Just think for a moment about the parable of the prodigal son—you know the story. The son asks the father for his inheritance and then he goes to a far-away country and blows it all partying. Then, when he doesn’t have any money left, he comes to his senses and heads back to his father. He’s only going to ask to be a slave; that way he’ll at least be guaranteed something to eat. But Jesus says that the father “when he was a long way off” rushes out to meet the son. He greets him with a hug and a kiss. And then he gives him the signet ring and the family robe, both of which signify that he’s been received back into the family. Jesus says that’s how God receives us when we repent.

Our reception by God—God hearing and receiving our prayers—is a like that. It’s the gift of hospitality— better, the gift of being welcomed into God’s family.
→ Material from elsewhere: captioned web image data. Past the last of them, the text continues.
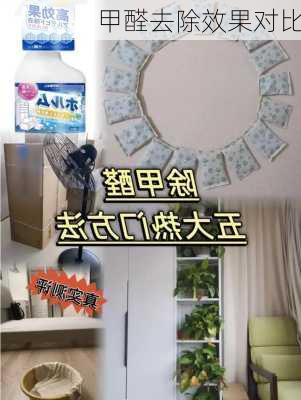 甲醛去除效果对比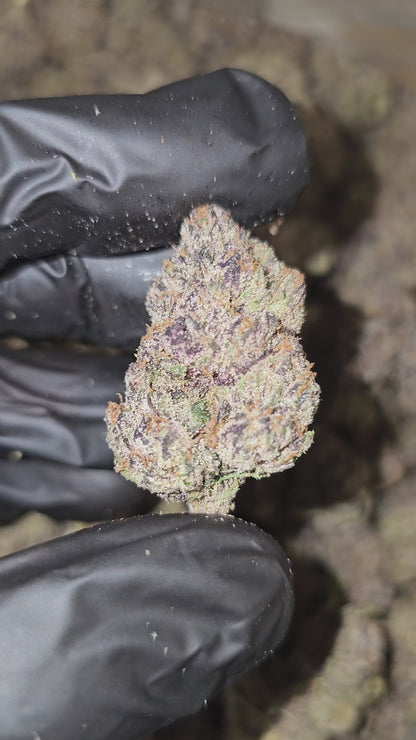 Ridgeline Lantz | First Cut Exotics | Flower | 31.41%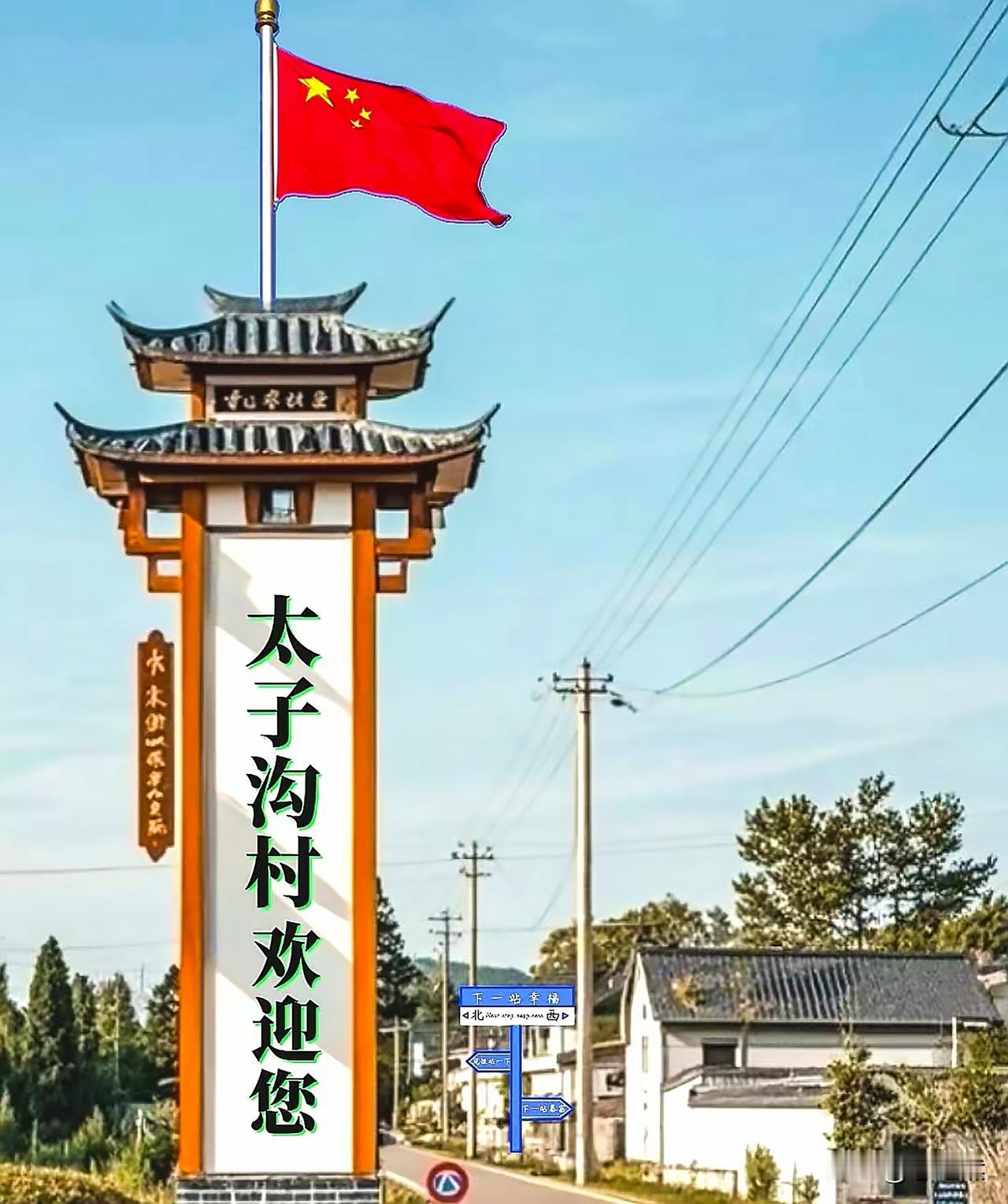 最近的宝鸡周原太子沟村，因大面积油菜花开火了起来。游客们趋之若鹜，只知道争相赏花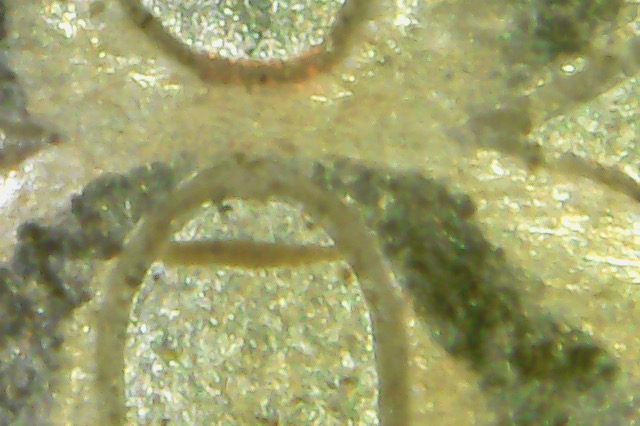 1883-O-Morgan---Help-Identifying-VAM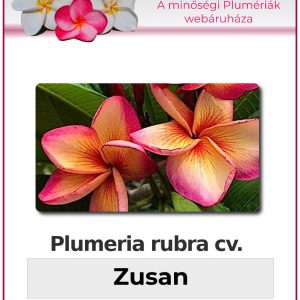 Plumeria rubra - "Zusan"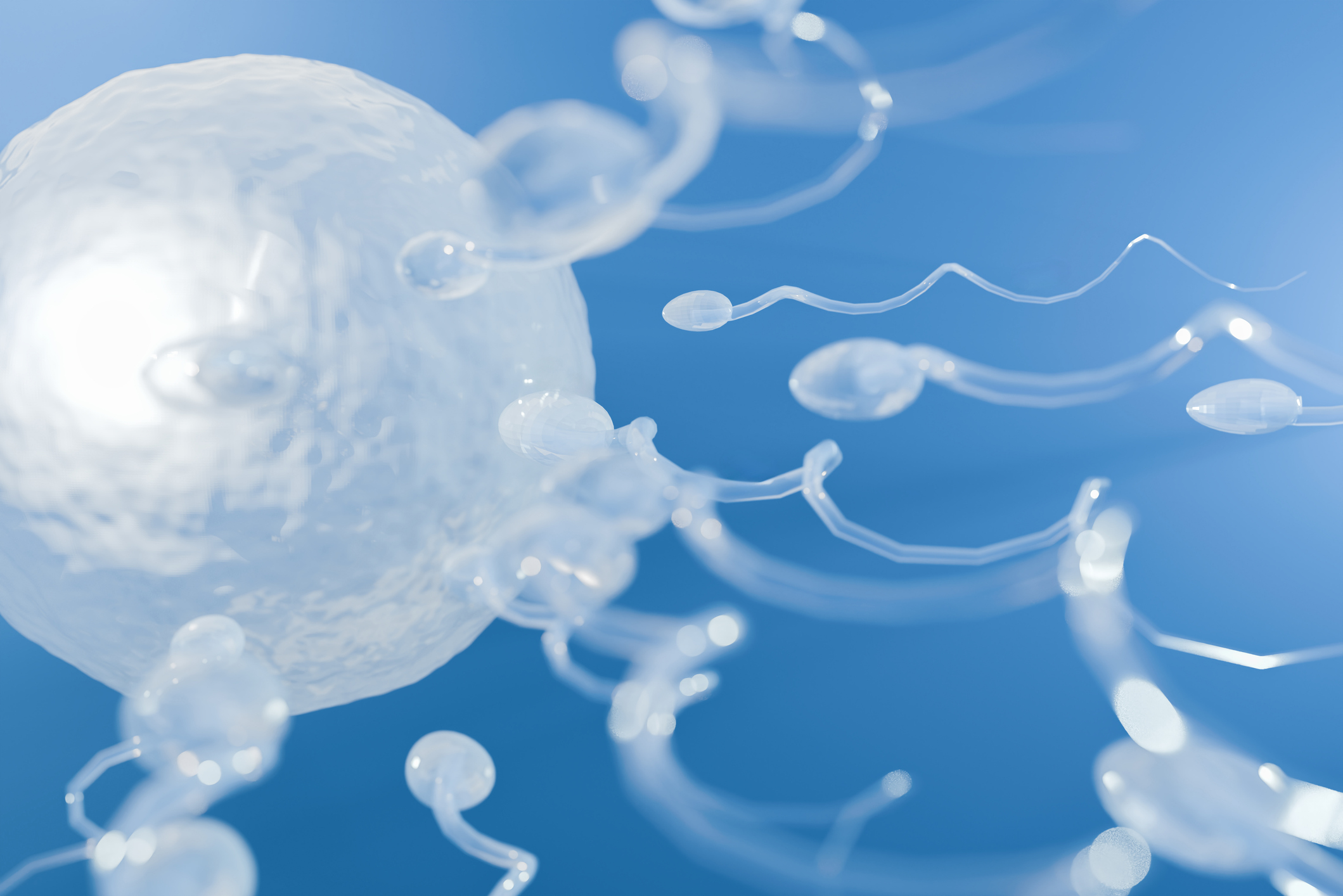 Bimbi in braccio: Dentro il crollo della fertilità e la nuova frontiera della procreazione assistita Bimbi in braccio: Dentro il crollo della fertilità e la nuova frontiera della procreazione assistita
And it isn’t a special privilege we get because we’ve earned it. It’s something we receive because he loves us.

Pray with me. Father, thank you that you receive us—not because of what we’ve managed to accomplish or how good we’ve been—but because you love us, and gave your only Son for us. Help us to delight in the gift of prayer, and teach us more about who you are through this prayer. And grant that we would grow in gratefulness and in faith, knowing that you hear us. In Jesus’ name. Amen.